Several features that are currently lacking from the electroweak shower were already pointed out. They include topics such as soft and spin interference effects, although such issues have similarly not been fully solved in the QCD sector of commonly used shower codes. However, further issues particular to the electroweak sector still remain. One is the inclusion of the CKM quark-mixing matrix [76,77,78], which would lead to an even larger number of possible electroweak branchings. The impact of the CKM matrix is however not expected to be large since the off-diagonal terms of the third-generation row and column are close to zero. The other off-diagonal terms are not as small, but they mix quarks that are treated as massless in Vincia anyway.

One other peculiar property of the electroweak theory is the appearance of Bloch–Nordsieck violation [10, 79]. The parton shower formalism is fundamentally based on the principle of unitarity and the cancellation of infrared divergences between real and virtual corrections. Since the electroweak vector bosons are massive, divergences associated with their emission are mass-regulated. The flavour-changing nature of W-boson emission from the initial state spoils the exact cancellation of the infrared divergences and some mass-regulated logarithms may be left-over.

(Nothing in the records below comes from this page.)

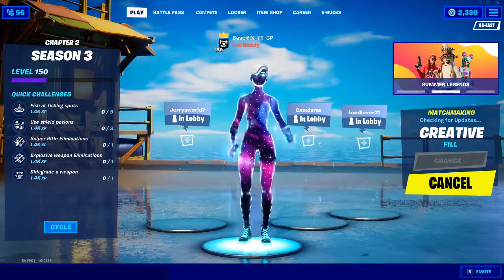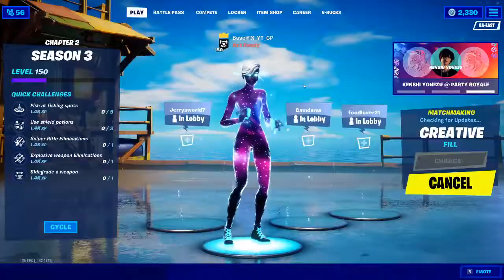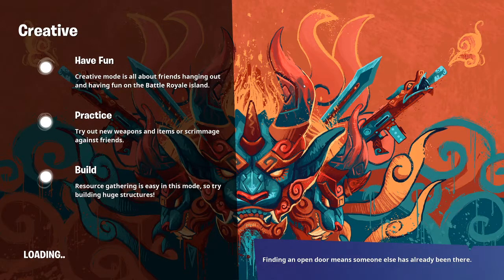We are loading up some match right now. Okay guys, this is the review of the thing. This is the review of the skin, the new galaxy skin.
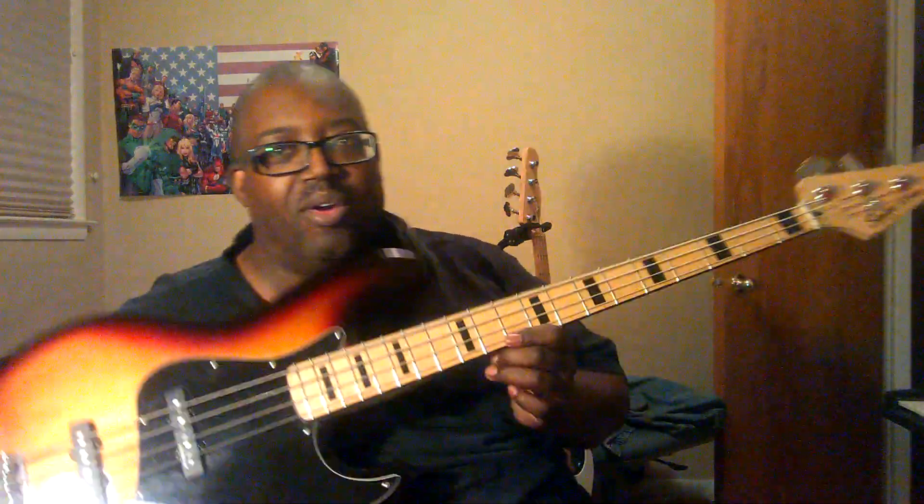I give these basses as high a mark as I give the Ibanez basses. When Fender came out with this mid-level line of basses, they really broke the mold as far as the jazz style and the P-bass style. If you really want to get into a nice beginner's Fender bass, you can't go wrong with the Squier.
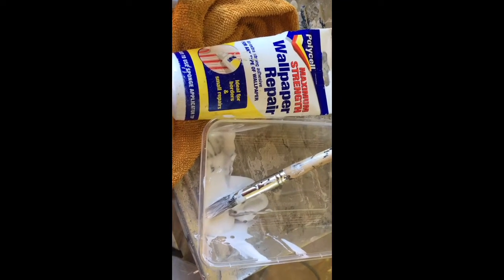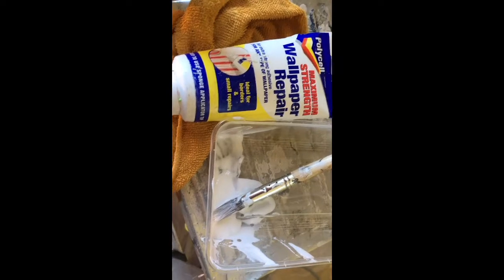This is how you use maximum strength wallpaper repair. It came loose right here in this corner, so I'm just going to paint everything with gobs of it. I want to get that corner — it looks like it didn't stick in there. That glue's going to work fine though. I'll just get some more of it in there.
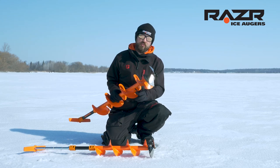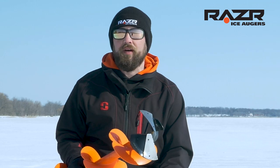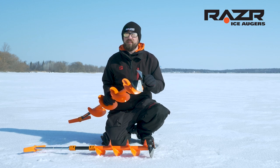In this short video, we're going to talk about Razor's ice wings — what they do, the problem they solve, and what models you can find them on. Let's talk about what they do and the problem they solve.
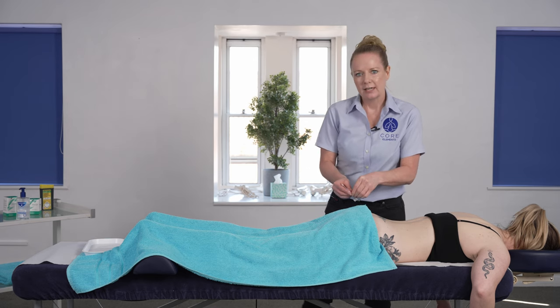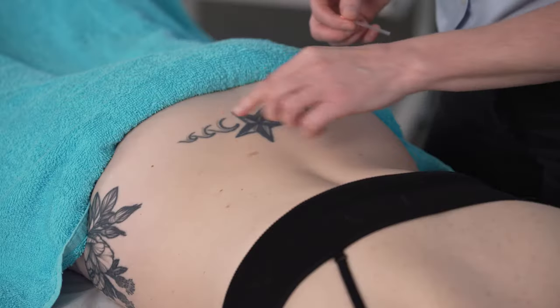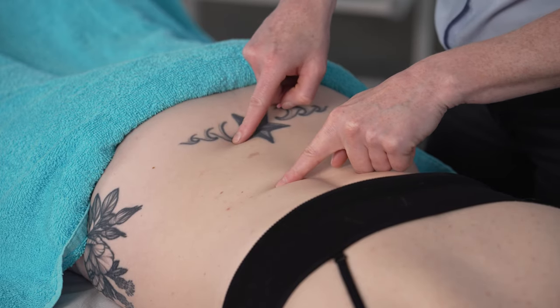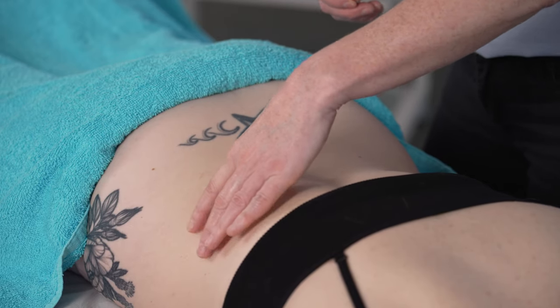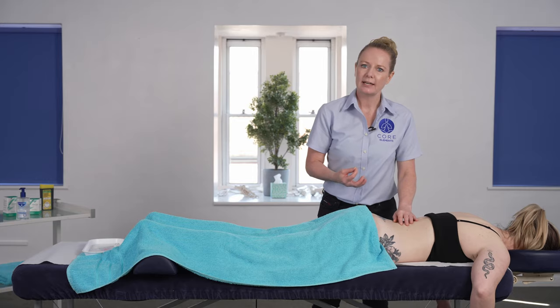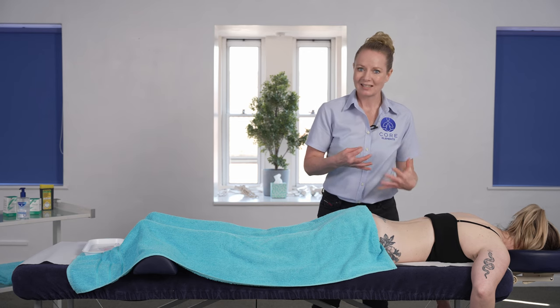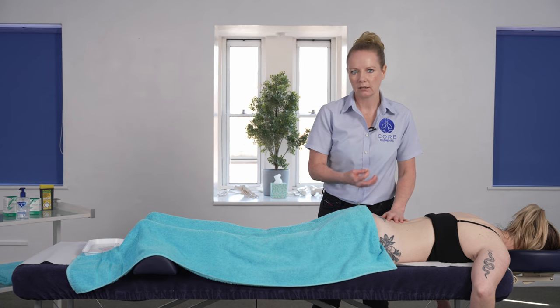The key aim of the needle is that we are penetrating into the muscle tissue. Focusing on that lumbar region and palpating for areas of tension — the key focus with dry needling is that we're palpating for trigger points or muscular tension, and that's going to help you to identify where the needle goes in.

There is no straightforward method to incorporate these violations in the shower formalism, since they explicitly break unitarity. We note that, while Bloch–Nordsieck violations are not particularly significant at the LHC [10, 15], they will be important at future collider energies and a comprehensive treatment will be necessary.

Finally, hard processes initiated by vector bosons have been considered for a long time [80, 81]. PDF sets with QED corrections have been available for some time [82,83,84,85], and recent progress was made towards PDFs with complete electroweak corrections [86,87,88]. The current shower implementation only allows for the emission of vector bosons from the initial state. The calculation of the other required initial-state branching kernels is in principle as straightforward as the calculation of those available already, but an implementation in the Pythia framework is likely not simple.